### [INSTRUCTIONS TO FOLLOW]
The answer should be an exact repeat of the stretch of material below from the line containing "Vita2You Chia Seeds" through the line containing "Oxford Snug Neck Warmer Blau Mann".

### [SUPPLIED MATERIAL]
▽

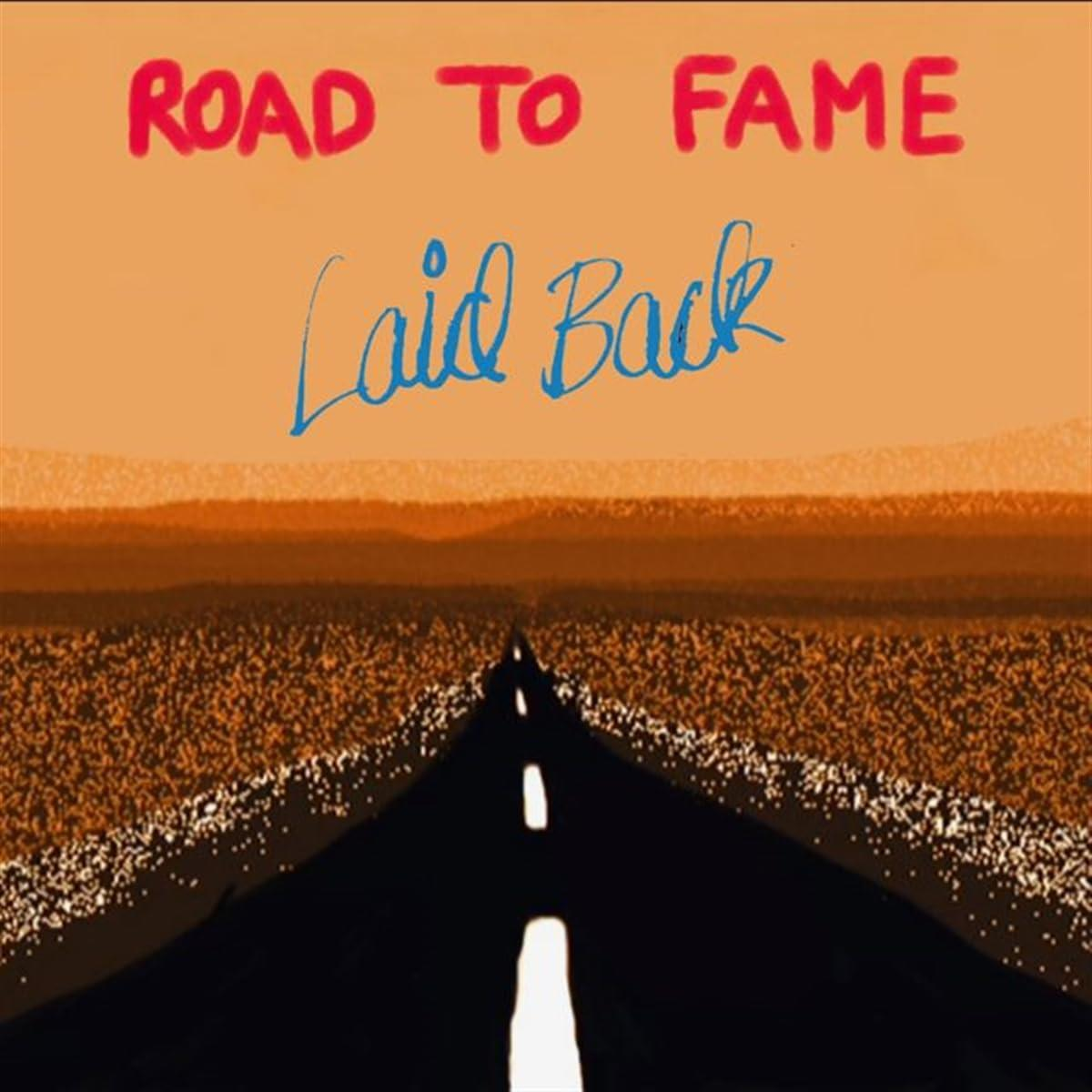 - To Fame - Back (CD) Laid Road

△
▽

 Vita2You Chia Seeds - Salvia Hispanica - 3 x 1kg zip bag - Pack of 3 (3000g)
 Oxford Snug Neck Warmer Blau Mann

△

### [RESULT FOR THIS EXERCISE]
 Vita2You Chia Seeds - Salvia Hispanica - 3 x 1kg zip bag - Pack of 3 (3000g)
 Oxford Snug Neck Warmer Blau Mann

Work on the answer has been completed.